To 'train' them to live together you are fighting genetics. If you want Bettas that live together get busy breeding them and maybe in several dozen generations you might have some that get along better.


----------



## sapphoqueen (Feb 9, 2010)

one will suffer later on  my case too


----------



## LB79 (Nov 18, 2011)

Yeah, they're like that. Males are territorial at one point and then they decide it's time to breed and they harass the female to the end of the line and beyond. I'd use this as a great excuse to get another tank...


----------



## mistergreen (Dec 9, 2006)

If they are both sisters, it's possible. Any other combo will end up in disaster. It's possible for a girl to harass a male as well.


----------



## taiwwa (May 6, 2012)

I'm pretty sure one is male and the other is female.

The male will attack platy fry on sight. the female leaves them alone.

Another thing to consider is that my platy pair used to have the male chase the female around like crazy for the first 2 weeks or so, but they've mellowed since then. 

I saw something weird recently: the male seemed to be "playing" with the female, slowly swimming through the water and letting her follow him for a while. Then he turned around and chased her around the aquarium.


----------



## @[email protected] (Oct 24, 2007)

there have been instances where the male and female coexist in the same tank without issues. the latest instance i heard of was a male and female were put together to breed, but the male seemed more passive than is common, and the female was an alpha. after an initial stand off, the two did not interact, but just ignored one another. after a few weeks of no breeding nor aggression the two were moved into a smaller tank, and did fine (still are to my knowledge). 
such instances are rare though. dont count on it working. if you are going to try, keep a tank to move the male into the moment you see excessive damage.


----------



## wendyjo (Feb 20, 2009)

I'm not sure why you would want to risk it?


----------



## CatB (Jan 29, 2012)

no. bad idea. first of all, male bettas shouldn't really be in community tanks at all, especially not ones that are liable to chase/nip like yours is. and then the two bettas, like others have mentioned, are quite liable to keep fighting until one dies. if they grow up and decide to mate, it's not uncommon that the male kills the female while squeezing eggs out, or kills her when she decides not to respond to his advances. i'd split them up, not just in the same tank, but take them out or the platy fry out altogether IMHO. 

fish aren't very smart, even the smartest can't match something as simple as say...a hamster. they're not going to be "tamed."


----------



## taiwwa (May 6, 2012)

Yeah, looks like.

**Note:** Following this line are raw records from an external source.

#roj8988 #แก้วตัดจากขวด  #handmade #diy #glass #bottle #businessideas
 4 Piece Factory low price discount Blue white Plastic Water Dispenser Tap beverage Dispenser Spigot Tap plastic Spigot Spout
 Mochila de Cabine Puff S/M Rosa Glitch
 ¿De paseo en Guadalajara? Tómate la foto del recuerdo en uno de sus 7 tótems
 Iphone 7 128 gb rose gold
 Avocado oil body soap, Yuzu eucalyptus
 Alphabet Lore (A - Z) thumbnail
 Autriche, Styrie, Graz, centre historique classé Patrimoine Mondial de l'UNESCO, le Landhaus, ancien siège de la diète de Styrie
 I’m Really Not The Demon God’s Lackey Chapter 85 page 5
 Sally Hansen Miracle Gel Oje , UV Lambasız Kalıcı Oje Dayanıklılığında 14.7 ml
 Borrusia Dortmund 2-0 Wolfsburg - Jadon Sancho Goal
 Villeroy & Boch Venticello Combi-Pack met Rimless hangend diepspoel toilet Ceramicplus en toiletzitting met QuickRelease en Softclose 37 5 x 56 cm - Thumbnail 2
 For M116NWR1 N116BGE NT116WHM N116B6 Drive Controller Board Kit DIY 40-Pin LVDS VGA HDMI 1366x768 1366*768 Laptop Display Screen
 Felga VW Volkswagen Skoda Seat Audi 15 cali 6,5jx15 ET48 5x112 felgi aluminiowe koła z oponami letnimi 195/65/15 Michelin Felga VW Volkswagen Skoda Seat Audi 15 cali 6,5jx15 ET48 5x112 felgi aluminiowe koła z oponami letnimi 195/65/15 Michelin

Still...people have stories about teaching bettas to do tricks, so I thought that they might be more intelligent than your average pet fish. 

It's kinda funny, but if the room's light is out and the tank light is on, the betta basically flares at his reflection and shows off his fins.

It also appears on close inspection that he has a number of scars on the top of his body, I presume from crashing into so many plants while chasing other members of the tank.


----------



## taiwwa (May 6, 2012)

Yikes, it appears that things are worse for the male than the female.

The female gets away from the male pretty easily it seems and isn't too bothered by the experience.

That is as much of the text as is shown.